Há coisas para as quais ninguém nos prepara. #1
Enquanto passei por aquela fase, ajudou-me imenso, escrever.
Encontrei nas várias conjugações verbais e sentimentais, um refugio mental e emocional, que me ia ajudando, pouco a pouco a voltar até mim.
Sempre gostei de escrever, mas nunca pensei que se chegasse a tornar um verdadeiro refúgio. Uma constante.
Chegou a uma altura que começou a ser quase que automático: chegava a primeira lágrima, e lá alcançava, angustiantemente, o meu caderno. E assim, escrevi, não uma, duas ou três, mas, setenta e três páginas, do mesmo.
Setenta e três páginas repletas de frases, pensamentos, dúvidas (muitas dúvidas), emoções, sentimentos e atitudes que descreviam muito do que eu conseguia transcrever verbalmente sobre o que intrinsecamente, me controlava e sentia. Aquela minha, nova e estranha forma de estar, desde que tinha sido mãe.
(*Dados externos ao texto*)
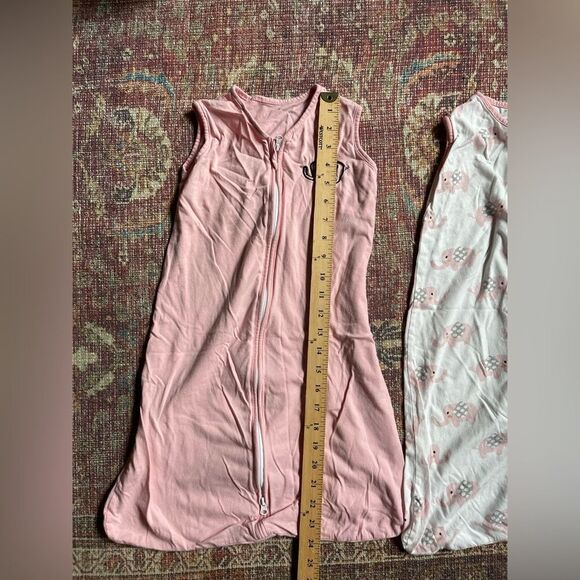 Set of 2 small 0-6 month TillYou Pink and White Baby elephant print Sleep Sacks - Picture 2 of 8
Depois destes últimos dias, e com o conhecimento de tantas outras histórias, senti que tinha de dar um pouco mais de mim, e lembrei-me de dar mais um passo na direção desta luta e transcrever-vos, o que está escrito na primeira página do meu caderno, que tão solidamente me acompanhou.
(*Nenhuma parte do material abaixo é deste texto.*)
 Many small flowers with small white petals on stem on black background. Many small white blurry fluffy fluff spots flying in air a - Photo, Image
E querem saber uma pequena curiosidade banal e coincidente? Imaginam qual a frase que marca a capa dura do meu caderno?
"Being a Woman"
04.01.2015 - No Cadeirão do Quarto da Madalena.
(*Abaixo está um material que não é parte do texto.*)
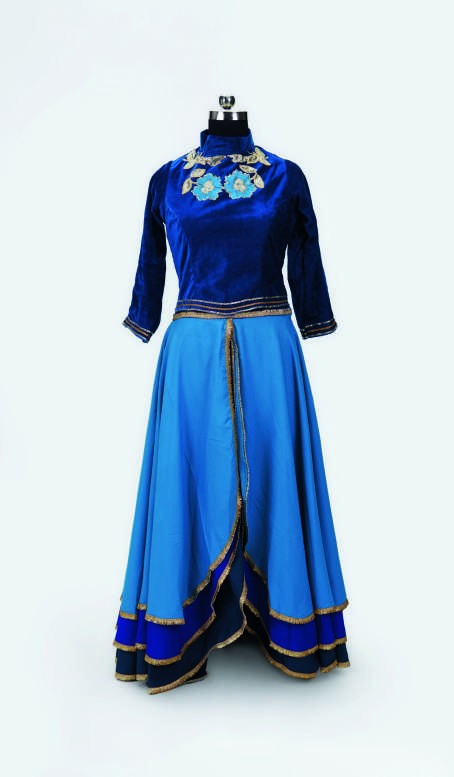 Azure Indo-Western Gown — Contemporary Fusion Costumes by Design My Dress Bharat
Há coisas para as quais ninguém nos prepara...
Estou cansada, não exausta.
Sinto-me derrubada, triste, abalada, só, num barco à deriva no meio de algures. Longe, e só. E Há tanta gente à minha volta..
Amanhã fará uma semana que o meu pequeno rebento nasceu [e que coisa mais maravilhosa e perfeita que tive a oportunidade de "ter" e conhecer]. E hoje, faz quatro dias que verto consecutivamente rios de lágrimas, numa qualquer altura do dia, sem parar.
É tudo tão antagónico, estranho, duro e forte, emocionalmente.
Há coisas para as quais ninguém nos prepara...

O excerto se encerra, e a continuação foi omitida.